I've often thought that a 24"x36" touch-sensitive screen -even though
likely horrendously expensive- would be useful as a replacement for
mouses, digitizer tablets (does anyone even use those any more?) and the
various multi-button puck-type input devices. Think one of those fancy
plasma screens attached to a drafting board instead of Borco (sort of
like a light table). Then I stumbled across this:
<<gorilla arm n. The side-effect that destroyed touch-screens as a mainstream input technology despite a promising start in the early 1980s. It seems the designers of all those spiffy touch-menu systems failed to notice that humans aren't designed to hold their arms in front of their faces making small motions. After more than a very few selections, the arm begins to feel sore, cramped, and oversized -- the operator looks like a gorilla while using the touch screen and feels like one afterwards.

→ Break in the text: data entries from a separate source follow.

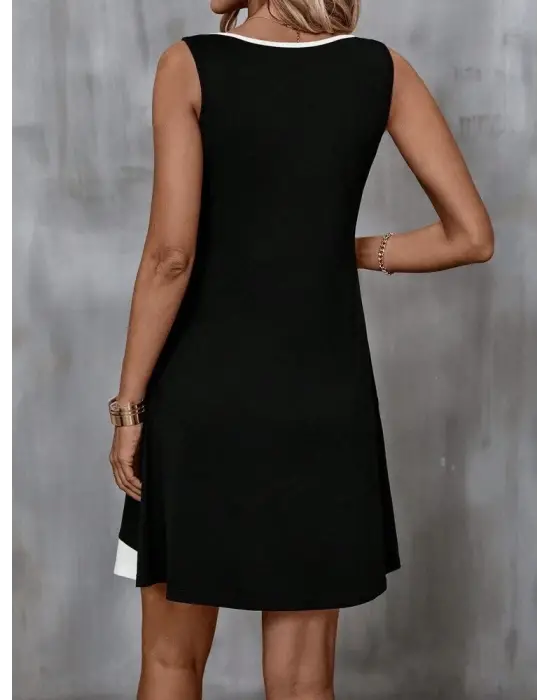 Kadın Askılı Yuvarlak Yaka önden Düğmeli çift Renkli Viskon Elbise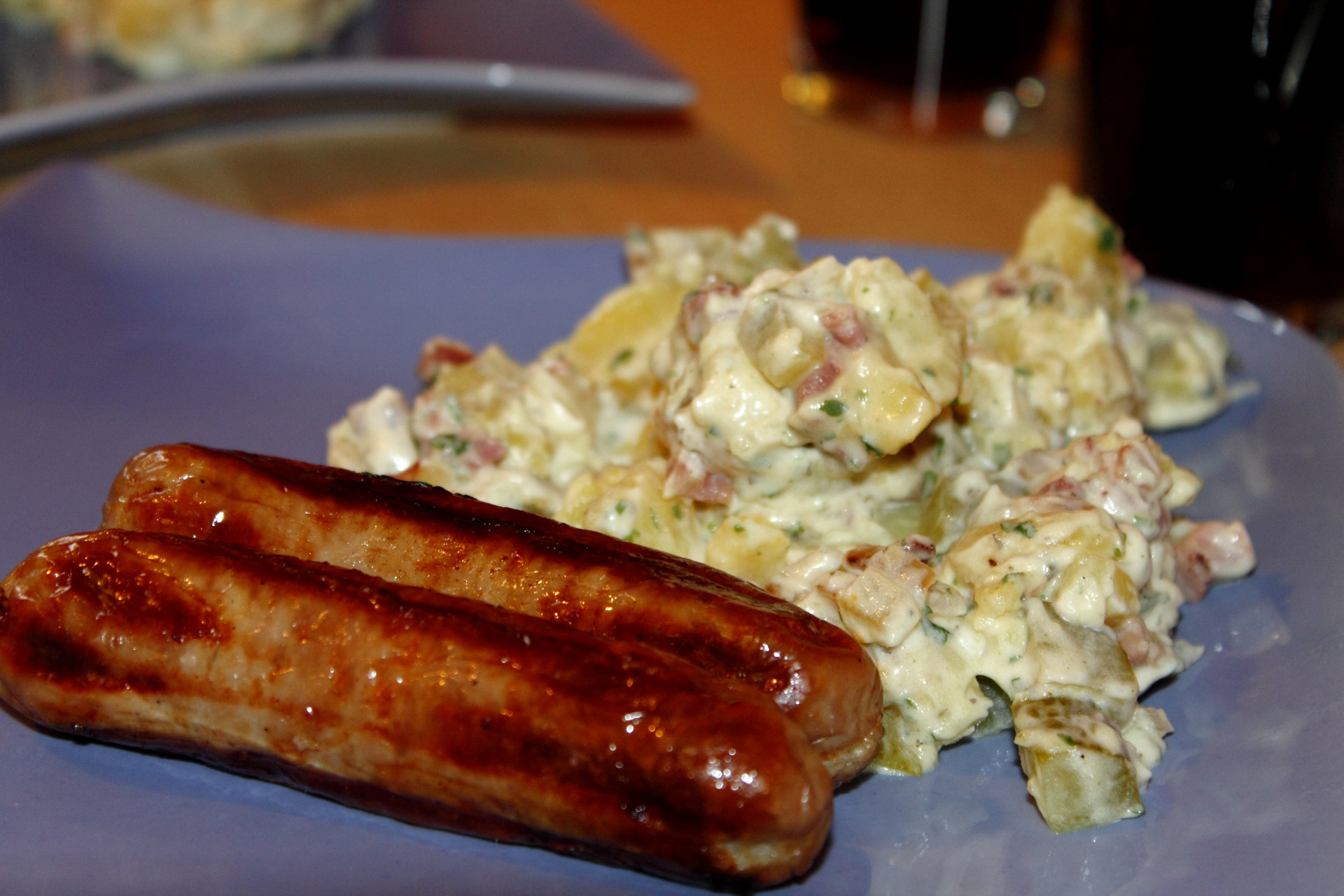 potato salad sausage free photo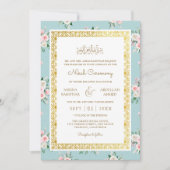 Blauw Roze Bloemen Goud Lijst Moslim Bruiloft Kaart (Voorkant)
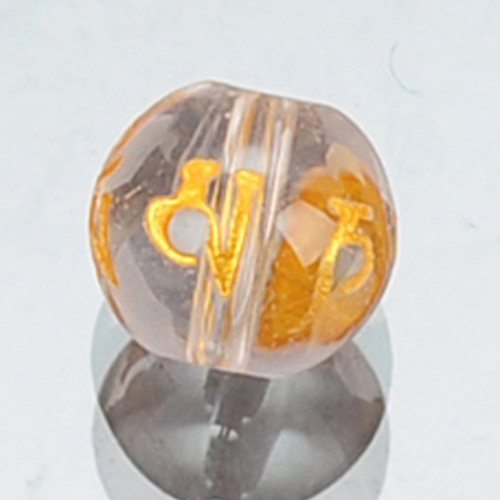 六字真言 水晶 金字 精雕圓珠【十方】115429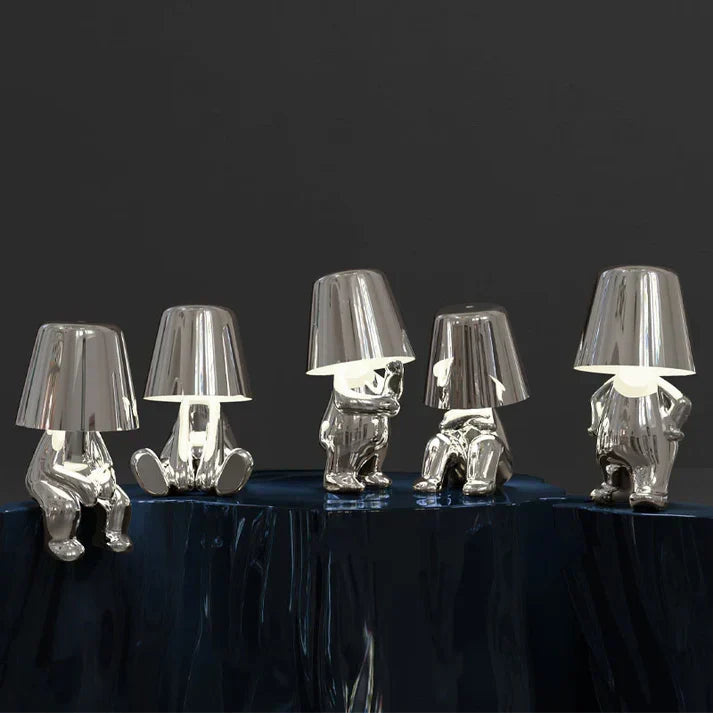 Wireless artistic lamp with dimmable features, ideal for cozy spaces.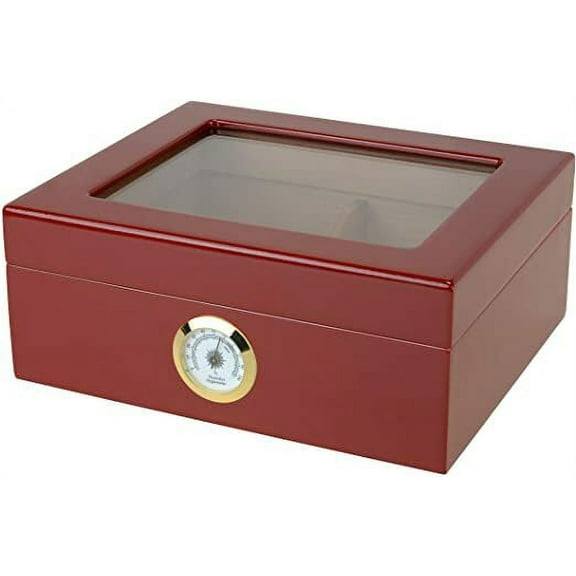 "LE ISLE ROUGE" Glasstop Red Highgloss Humidor for 40 Cigars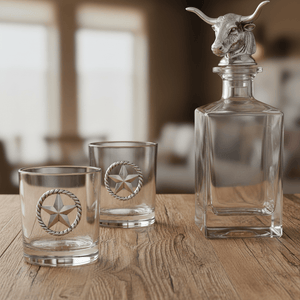 Arthur Court Western Frontier Longhorn Decanter Set with Pair of Glasses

This is now considered a classic cautionary tale to human-factors designers; "Remember the gorilla arm!" is shorthand for "How is this going to fly in real use?".>>
<a href="http://info.astrian.net/jargon/terms/g/gorilla_arm.html">http://info.astrian.net/jargon/terms/g/gorilla_arm.html</a>
Since the big touchscreen would be fixed to a tiltable table, the Gorilla Arm effect would be minimized and a lot less zooming would be required. Just an off-the-wall idea.